I Kings 19:11-12: "11 And he said, Go forth, and stand upon the mount before the LORD. And, behold, the LORD passed by, and a great and strong wind rent the mountains, and brake in pieces the rocks before the LORD; but the LORD was not in the wind: and after the wind an earthquake; but the LORD was not in the earthquake: 12 And after the earthquake a fire; but the LORD was not in the fire: and after the fire a still small voice."

I'm reasonably certain that the irony was unintentional.

Posted by Blog Jones at 12:33 PM | Comments (0) | Category: Religion

November 19, 2004

This is encouraging: Dr. Rice and Gun Rights

According to The Volokh Conspiracy, Dr. Condi Rice is a strong supporter of gun rights, primarily as a result of childhood experiences where her family needed guns to defend themselves against "white vigilantes" in the 1960's.

Good, good. I like guns. I don't actually *own* one, and I've never fired anything heavier than a BB gun, but I like 'em. I intend to get a concealed weapons permit soon after I turn 21. That should give me plenty of time to research my options as weapons go.

It was also good to see the Assault Weapons Ban (aka the ban on scary rifles) go away.

And it's good to see people at the top of the government who take an "absolutist" position on the 2nd ammendment. I don't know a lot about Dr. Rice, but the more I've learned, the more I like about her positions.

Posted by Blog Jones at 09:37 PM | Comments (0) | Category: Politics

The Answer

You know in school when someone is trying to get a group of people to do something and he says "What are they going to do, suspend all of us?"

The answer is Yes.

Posted by Blog Jones at 04:35 PM | Comments (0) | Category: The "Lighter Side"

The Dieting Backlash Continues..

MSNBC reports that Hardee's has launched the new Monster Thickburger.

I think that this 1420 calorie cheesburger is part of a larger backlash against health food. Think about it. A lot of people are tired of everyone offering their unwanted--and oftentimes inaccurate--advice about what they should be eating. That's why you'll see this burger and Hungry Man dinners. (Key Quote: " The only male brand you need. 'I know what I like and I like a lot of it.' 'It's good to be full.'")

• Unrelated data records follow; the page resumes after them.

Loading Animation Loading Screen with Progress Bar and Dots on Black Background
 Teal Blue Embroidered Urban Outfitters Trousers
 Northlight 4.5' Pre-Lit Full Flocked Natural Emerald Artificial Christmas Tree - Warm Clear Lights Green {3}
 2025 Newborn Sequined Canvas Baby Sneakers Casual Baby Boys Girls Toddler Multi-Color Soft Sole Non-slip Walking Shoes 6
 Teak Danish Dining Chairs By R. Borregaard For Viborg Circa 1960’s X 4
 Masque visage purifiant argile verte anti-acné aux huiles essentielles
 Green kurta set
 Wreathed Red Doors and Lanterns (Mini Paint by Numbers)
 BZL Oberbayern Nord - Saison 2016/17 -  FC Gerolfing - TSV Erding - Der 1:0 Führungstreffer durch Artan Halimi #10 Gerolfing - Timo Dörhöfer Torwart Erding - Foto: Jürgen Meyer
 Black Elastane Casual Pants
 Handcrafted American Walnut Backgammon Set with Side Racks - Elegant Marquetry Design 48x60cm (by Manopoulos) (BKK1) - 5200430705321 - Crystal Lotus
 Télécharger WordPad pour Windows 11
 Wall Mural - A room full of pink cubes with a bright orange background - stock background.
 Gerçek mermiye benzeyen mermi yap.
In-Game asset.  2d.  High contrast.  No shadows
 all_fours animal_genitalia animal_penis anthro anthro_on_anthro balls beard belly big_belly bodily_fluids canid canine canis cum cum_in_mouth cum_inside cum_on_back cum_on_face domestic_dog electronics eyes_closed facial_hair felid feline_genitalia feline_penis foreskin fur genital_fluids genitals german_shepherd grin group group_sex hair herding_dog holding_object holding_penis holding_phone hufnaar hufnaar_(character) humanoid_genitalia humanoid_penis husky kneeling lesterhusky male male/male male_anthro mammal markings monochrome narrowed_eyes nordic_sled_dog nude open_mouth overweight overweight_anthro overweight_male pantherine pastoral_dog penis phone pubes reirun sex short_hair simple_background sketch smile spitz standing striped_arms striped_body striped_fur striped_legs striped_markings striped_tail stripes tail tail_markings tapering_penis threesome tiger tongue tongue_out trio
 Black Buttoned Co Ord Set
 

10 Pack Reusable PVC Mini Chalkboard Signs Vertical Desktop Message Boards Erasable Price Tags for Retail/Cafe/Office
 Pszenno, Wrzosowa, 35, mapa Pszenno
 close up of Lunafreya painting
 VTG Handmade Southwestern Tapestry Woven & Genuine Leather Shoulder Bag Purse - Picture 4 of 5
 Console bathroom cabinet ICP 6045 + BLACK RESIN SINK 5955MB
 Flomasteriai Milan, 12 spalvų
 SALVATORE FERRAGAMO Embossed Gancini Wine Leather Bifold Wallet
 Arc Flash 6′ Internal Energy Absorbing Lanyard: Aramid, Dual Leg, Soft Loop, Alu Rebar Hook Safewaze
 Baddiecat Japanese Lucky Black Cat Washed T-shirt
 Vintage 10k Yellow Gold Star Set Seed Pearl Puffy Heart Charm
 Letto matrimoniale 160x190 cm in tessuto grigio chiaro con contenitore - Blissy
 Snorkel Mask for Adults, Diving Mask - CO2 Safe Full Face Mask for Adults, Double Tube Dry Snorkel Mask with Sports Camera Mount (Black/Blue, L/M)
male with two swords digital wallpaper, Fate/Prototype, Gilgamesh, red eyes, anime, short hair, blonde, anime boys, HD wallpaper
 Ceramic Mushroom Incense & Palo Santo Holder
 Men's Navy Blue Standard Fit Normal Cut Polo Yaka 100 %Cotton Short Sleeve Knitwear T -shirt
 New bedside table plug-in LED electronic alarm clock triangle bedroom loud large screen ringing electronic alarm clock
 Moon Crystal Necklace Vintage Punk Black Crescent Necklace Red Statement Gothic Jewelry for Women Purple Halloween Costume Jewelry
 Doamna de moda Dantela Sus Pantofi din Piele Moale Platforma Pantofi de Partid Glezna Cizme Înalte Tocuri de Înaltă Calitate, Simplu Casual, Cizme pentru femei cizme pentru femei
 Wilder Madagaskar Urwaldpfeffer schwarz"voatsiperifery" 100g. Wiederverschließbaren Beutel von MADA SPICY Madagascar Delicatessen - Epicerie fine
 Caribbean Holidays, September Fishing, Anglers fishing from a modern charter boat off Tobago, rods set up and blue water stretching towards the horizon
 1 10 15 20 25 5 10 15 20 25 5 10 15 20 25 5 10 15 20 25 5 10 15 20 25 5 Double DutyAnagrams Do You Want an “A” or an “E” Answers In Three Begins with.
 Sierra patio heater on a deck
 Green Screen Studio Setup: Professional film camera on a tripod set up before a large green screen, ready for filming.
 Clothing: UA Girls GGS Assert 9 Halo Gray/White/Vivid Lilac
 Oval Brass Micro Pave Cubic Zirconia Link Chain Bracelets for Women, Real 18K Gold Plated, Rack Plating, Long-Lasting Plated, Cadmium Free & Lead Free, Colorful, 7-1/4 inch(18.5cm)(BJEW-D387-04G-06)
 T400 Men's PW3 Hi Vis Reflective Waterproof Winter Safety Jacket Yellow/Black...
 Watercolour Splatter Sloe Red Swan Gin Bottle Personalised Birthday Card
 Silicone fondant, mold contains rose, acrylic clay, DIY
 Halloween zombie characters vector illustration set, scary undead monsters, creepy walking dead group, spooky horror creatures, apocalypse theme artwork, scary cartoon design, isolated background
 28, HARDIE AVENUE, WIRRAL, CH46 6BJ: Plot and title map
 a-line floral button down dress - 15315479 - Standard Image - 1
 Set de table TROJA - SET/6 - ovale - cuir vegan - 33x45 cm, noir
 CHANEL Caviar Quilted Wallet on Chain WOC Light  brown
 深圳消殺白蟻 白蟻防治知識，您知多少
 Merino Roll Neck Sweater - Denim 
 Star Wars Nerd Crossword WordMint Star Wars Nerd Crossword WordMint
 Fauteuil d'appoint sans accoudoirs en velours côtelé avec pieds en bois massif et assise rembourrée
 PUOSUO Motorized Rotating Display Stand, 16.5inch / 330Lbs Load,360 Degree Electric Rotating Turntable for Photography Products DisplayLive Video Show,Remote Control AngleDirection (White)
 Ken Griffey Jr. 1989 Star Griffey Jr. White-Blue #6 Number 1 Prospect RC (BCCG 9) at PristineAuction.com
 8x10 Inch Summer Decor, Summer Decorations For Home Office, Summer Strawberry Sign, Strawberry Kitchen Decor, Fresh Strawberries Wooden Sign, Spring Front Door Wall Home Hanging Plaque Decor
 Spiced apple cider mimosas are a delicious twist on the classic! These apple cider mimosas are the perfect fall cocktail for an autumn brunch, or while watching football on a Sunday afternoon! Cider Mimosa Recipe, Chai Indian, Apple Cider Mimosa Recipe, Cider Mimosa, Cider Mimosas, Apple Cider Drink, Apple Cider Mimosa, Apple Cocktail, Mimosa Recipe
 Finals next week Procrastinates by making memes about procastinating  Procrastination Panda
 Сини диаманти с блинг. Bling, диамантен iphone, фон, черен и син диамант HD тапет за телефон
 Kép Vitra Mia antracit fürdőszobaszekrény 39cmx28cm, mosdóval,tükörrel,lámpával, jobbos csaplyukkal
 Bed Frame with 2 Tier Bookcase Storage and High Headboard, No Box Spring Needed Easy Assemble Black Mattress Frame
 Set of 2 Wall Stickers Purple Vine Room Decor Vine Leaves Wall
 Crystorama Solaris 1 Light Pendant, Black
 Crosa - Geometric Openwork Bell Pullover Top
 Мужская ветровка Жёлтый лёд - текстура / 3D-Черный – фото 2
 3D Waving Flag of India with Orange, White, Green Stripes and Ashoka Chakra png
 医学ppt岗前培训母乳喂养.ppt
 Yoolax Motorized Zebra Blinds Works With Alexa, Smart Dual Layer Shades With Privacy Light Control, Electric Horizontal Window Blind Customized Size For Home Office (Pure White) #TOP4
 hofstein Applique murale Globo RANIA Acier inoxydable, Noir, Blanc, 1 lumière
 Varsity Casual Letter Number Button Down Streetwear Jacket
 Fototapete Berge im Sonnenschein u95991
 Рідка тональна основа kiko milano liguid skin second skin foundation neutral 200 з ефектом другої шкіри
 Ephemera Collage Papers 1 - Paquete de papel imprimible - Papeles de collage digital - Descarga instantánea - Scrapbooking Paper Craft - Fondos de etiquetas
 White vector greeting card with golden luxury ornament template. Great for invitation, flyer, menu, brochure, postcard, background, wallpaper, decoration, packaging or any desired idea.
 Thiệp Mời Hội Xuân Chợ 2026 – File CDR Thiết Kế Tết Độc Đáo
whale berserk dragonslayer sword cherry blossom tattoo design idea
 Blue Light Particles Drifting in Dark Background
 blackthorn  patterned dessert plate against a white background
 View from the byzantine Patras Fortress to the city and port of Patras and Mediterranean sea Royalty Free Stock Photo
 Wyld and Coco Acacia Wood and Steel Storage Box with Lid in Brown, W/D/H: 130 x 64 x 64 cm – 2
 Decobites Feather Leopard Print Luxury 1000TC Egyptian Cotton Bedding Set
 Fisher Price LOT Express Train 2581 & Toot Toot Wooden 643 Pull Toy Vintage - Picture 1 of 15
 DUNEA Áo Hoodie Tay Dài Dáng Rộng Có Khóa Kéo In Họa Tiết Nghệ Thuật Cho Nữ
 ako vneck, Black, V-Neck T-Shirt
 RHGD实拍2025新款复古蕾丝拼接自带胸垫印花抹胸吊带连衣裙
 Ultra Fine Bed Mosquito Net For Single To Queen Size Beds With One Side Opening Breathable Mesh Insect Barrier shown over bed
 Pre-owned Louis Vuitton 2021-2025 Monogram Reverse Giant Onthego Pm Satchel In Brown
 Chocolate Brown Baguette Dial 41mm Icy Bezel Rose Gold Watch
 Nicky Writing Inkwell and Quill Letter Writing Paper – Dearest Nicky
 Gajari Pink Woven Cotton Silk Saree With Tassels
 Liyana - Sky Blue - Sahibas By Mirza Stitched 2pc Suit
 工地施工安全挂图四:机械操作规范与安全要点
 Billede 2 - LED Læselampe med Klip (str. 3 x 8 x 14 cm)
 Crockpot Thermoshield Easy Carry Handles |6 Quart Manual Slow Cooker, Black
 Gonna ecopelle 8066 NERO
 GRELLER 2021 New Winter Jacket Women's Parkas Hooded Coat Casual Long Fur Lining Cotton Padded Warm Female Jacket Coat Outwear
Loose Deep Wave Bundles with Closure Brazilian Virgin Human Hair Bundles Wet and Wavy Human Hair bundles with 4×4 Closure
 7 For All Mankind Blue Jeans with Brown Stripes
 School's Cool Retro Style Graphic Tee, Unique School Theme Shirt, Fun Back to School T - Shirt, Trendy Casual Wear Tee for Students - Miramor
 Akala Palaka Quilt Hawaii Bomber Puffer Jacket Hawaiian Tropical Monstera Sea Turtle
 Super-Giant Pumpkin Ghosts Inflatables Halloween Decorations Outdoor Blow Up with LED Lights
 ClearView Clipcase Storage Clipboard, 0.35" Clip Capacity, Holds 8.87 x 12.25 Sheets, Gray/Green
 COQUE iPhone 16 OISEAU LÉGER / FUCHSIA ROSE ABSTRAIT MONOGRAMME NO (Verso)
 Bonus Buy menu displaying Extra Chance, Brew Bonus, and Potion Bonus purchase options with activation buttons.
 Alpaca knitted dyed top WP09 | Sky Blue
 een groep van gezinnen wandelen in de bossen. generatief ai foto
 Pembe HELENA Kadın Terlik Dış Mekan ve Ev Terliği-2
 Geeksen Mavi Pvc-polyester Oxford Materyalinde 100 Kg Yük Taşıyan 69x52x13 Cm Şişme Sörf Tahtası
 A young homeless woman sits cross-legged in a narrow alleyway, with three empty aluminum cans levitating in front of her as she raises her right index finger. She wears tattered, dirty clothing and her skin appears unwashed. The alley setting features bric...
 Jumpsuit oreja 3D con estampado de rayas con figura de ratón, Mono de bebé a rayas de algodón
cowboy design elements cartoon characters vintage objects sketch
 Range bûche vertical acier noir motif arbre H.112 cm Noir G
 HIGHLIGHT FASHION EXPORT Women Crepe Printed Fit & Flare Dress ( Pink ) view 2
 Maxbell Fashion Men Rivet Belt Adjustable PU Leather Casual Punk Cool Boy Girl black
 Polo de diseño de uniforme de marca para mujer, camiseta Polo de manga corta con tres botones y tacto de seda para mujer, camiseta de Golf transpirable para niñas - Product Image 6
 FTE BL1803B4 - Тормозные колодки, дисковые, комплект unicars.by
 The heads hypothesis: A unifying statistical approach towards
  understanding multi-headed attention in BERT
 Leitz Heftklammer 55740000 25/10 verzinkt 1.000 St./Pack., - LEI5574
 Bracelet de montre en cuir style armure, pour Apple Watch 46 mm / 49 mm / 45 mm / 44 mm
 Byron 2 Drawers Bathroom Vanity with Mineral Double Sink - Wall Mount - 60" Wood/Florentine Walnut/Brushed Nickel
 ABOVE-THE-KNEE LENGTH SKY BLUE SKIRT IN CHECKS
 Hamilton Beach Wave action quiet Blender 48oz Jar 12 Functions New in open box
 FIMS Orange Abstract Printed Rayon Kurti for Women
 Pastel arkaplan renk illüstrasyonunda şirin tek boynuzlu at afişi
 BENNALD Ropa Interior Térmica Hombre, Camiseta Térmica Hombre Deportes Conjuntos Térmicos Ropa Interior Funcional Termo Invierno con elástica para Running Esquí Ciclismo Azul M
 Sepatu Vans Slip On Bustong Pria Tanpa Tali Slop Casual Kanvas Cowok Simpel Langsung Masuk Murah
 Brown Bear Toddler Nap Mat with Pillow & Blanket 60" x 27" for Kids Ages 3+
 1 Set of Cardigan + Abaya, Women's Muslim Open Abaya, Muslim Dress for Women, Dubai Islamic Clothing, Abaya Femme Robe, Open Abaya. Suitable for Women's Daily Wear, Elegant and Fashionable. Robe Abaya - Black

In fact, there's a *lot* of social pestering from TV and government sources. Don't smoke, don't drink, don't eat fatty foods, don't speed, don't open an umbrella indoors, etc. People, by nature, don't like to be told what to do every minute of every day. Just leave us alone already!

Posted by Blog Jones at 03:45 PM | Comments (0) | Category: Other News

November 17, 2004

Yay! My Website is Back!

Whatever server my website is on over at Verve Hosting went down for several hours today. According to their announcement, a "fiber ring" owned by MCI in Virginia had been cut by accident. But anyways, if you tried to visit and couldn't, I'm back now.
Posted by Blog Jones at 08:57 PM | Comments (0) | Category:

November 15, 2004

Silly Brits!

I could never live in Britain; not only do they ban self defense, and not only do they require licenses to own TV's, but now this new development: Samizdata reports that now the British government is considering banning buy one get one free programs at supermarkets.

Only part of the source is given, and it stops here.